最后刘备说道,“此事备倒觉得如今不当擅自改动。”他若有所思地转向我,问道,“书凤怎么看?为何一言不发?”
“厄,我同意法先生的说法,”我说,“不过倒也不是为了维持旧法,我一直觉得商品就应该由市场定价。冶铁行业我固然不熟,但是不管什么货品,均是以市定价为最佳。其实我这次来是想说,盐市也应当效仿铁市,让各个盐井自行定价,才是利民之道。”
我话音刚落,庞统就说道,“当年在夏口,却是贺小姐一手将盐运从士族大家手中剥离,归于官中,又定下准价。”
“荆州面对的盐市状况和益州完全不一样么,”我忙辩道,“荆州本土根本没有盐,交州路远而且情况也不稳定,从豫州那边进货也不现实,我们只能找江东。偏偏江东的盐运使鲁大人一手操控;他作为垄断商,定价权太大了,为了能和他抗衡,我们也只能当垄断商,定价权也是必然的。但是如今蜀中产盐,在这种情况下,垄断定价只会让产量萎缩。如今只有让市场定价,产量和价格才会最佳化。”
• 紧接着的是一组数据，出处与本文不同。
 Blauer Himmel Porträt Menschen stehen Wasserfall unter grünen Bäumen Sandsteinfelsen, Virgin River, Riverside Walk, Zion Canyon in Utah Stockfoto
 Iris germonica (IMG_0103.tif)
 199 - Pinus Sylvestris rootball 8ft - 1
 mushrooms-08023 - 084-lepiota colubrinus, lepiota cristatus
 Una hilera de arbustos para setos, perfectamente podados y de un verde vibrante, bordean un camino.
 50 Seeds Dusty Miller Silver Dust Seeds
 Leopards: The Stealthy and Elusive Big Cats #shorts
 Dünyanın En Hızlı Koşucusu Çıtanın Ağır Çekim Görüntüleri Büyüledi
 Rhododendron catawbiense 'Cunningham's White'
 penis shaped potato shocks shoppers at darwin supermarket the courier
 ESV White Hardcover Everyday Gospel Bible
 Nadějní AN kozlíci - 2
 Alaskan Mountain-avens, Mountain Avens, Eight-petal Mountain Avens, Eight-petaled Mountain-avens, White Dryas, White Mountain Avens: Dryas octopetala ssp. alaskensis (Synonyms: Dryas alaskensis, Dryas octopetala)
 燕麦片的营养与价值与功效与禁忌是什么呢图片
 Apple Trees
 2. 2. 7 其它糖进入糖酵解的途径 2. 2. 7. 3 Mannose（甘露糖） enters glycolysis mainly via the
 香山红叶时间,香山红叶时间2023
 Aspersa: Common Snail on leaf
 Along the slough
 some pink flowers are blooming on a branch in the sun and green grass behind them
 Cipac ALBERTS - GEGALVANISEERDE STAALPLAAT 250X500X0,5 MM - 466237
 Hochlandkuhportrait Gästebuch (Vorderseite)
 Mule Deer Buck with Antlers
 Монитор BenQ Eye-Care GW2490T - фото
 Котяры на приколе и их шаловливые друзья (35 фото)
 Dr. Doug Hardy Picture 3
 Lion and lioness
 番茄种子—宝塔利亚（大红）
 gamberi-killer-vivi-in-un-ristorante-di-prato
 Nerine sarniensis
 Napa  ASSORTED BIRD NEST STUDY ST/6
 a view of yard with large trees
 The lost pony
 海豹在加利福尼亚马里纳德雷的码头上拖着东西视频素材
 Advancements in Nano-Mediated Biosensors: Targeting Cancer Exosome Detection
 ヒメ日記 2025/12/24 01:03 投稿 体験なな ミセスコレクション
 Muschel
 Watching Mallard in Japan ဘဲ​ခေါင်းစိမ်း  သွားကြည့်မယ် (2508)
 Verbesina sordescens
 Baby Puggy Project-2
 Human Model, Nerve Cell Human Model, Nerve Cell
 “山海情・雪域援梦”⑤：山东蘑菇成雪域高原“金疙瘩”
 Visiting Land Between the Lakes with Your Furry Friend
“垄断——定价——产量萎缩?书凤此话何解?”荀谌不解地看着我。
“货少则价高,货足则价廉,对不对,”我拼命搜刮词汇试图解释,“所以作为商家来说,当然不会想生产太多货物,因为多了就价廉了不是么。如今吴家虽然不控制各个盐井的产量,但是控制价格就是控制产量。定了一斤盐十八文这个高价,人们就会尽量少吃盐,少买盐,于是盐井就算能产出很多盐也卖不出去,所以盐井就会减产。高价低产对吴家这种垄断商是件好事,因为他们可以赚更多,但是对益州民众可不是什么好事。如今我们应该让各个盐井自主定价,自主售盐,应该可以让盐井产出更多。当然,不是说我们完全放手,我们还是有些事情都掌控——比如把蜀盐往荆州和汉中运。如今虽说交州的盐已经往荆州运了,但是对江东的依赖还是太大了;如果把蜀盐的市场打开,蜀中的盐产量应该更会大量增加,这正是我们想要的。”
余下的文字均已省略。